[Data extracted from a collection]
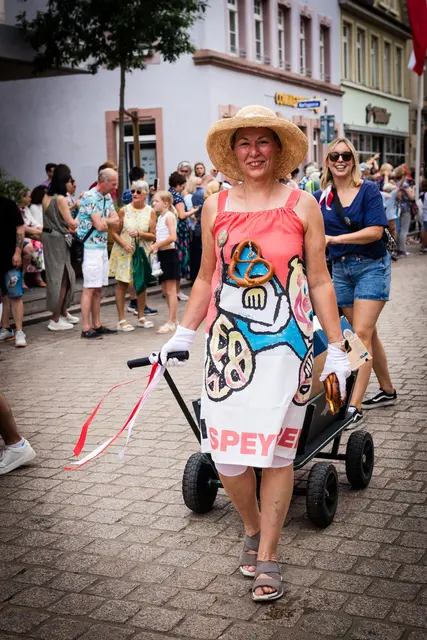 Ein Speyer-Kleid mit Brezelbu-Motiv | Foto: Cornelia Bauer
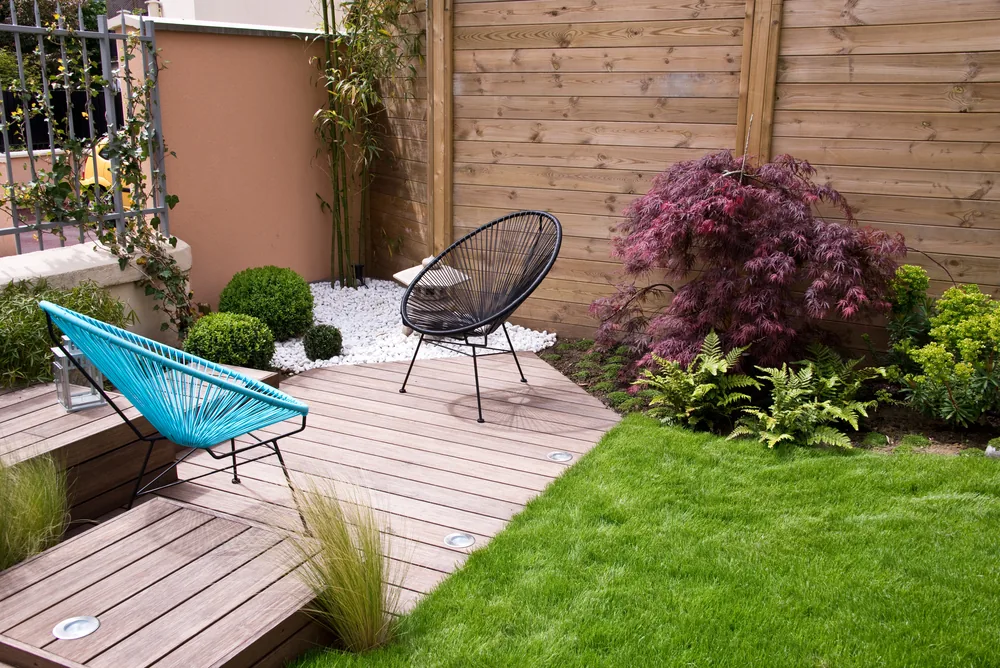 small garden with lawn space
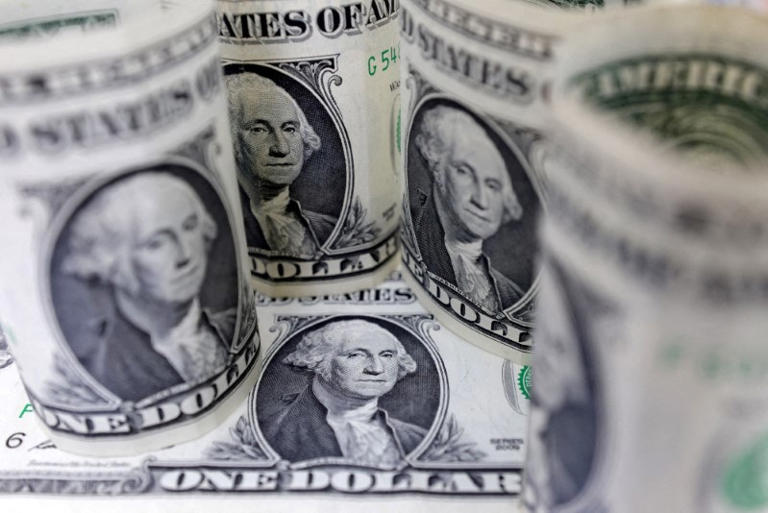 Dólar cae a mínimos de nueve meses tras decisión de la Fed, comentarios de Powell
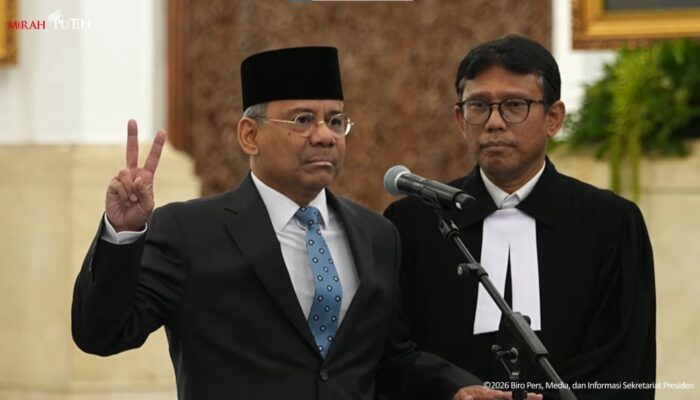 Presiden Lantik Suahasil Nazara sebagai Menteri Keuangan Gantikan Purbaya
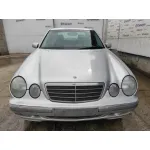 MERCEDES-BENZ CLASE E (W210) BERLINA MERCEDES CLASE E (W210) BERLINA '2001 2.0 COMPRESOR CAT PLATA 1995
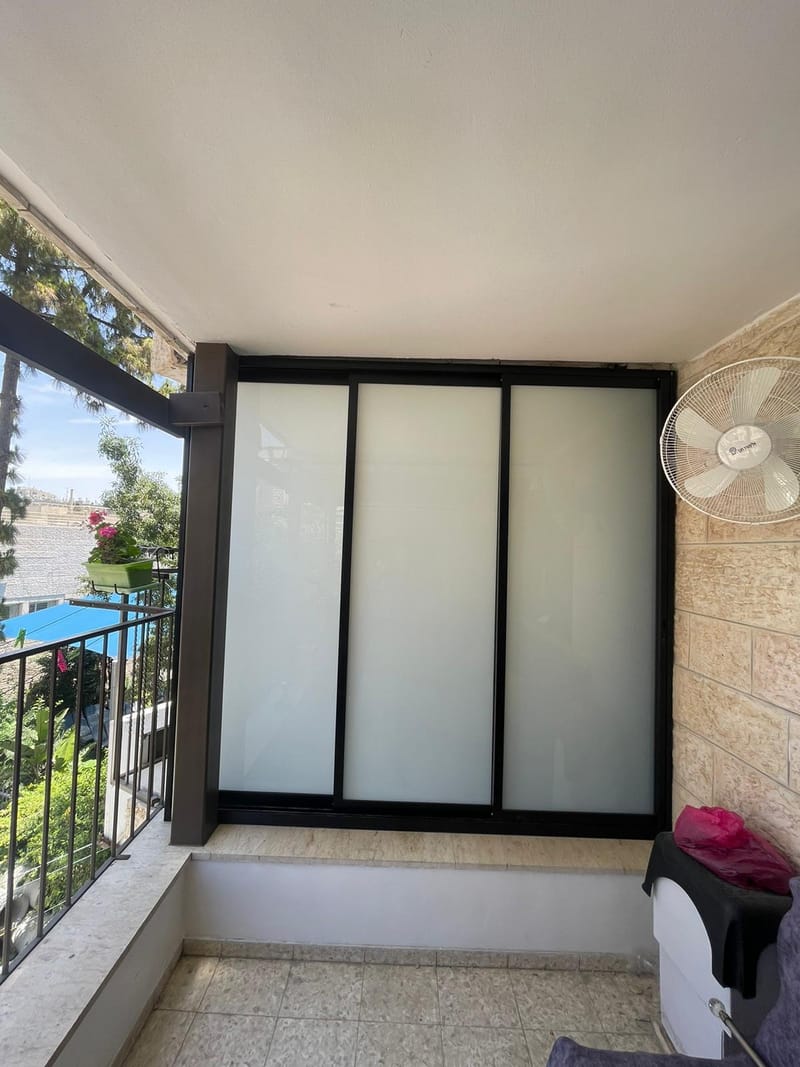 חלונות / ויטרינות סטנדרט  7000/9000 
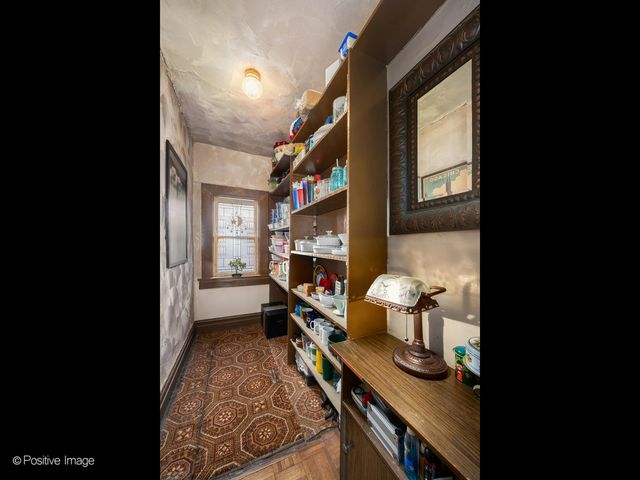 1510 Gunderson Avenue, Berwyn, IL 60402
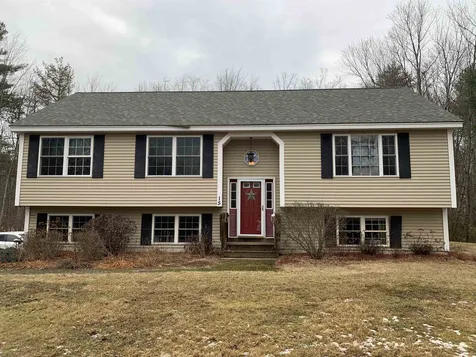 15 Woodhaven Drive Barrington NH 03825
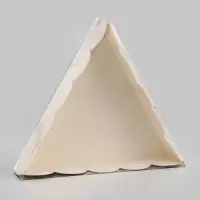 Коробка для печенья, белая, треугольная 18&times;18&times;4 см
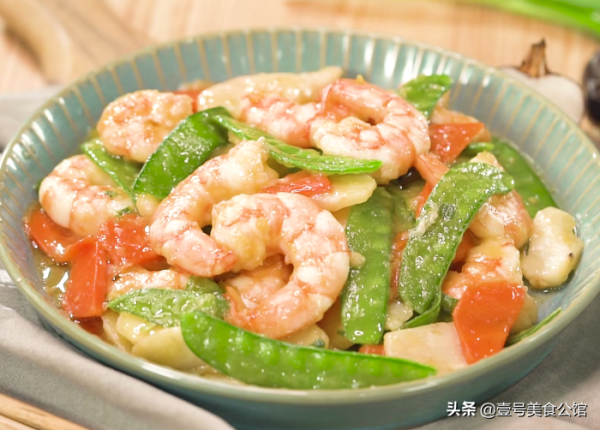 荸薺搭配蝦仁一起炒，鮮嫩清甜又好吃，老少皆宜的家常美食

Your task
Write out again the lines from the one with "Коробка для печенья, белая, треугольная" through the end of the records exactly, without any of the pictures.

Result of the exercise
 Коробка для печенья, белая, треугольная 18&times;18&times;4 см
 荸薺搭配蝦仁一起炒，鮮嫩清甜又好吃，老少皆宜的家常美食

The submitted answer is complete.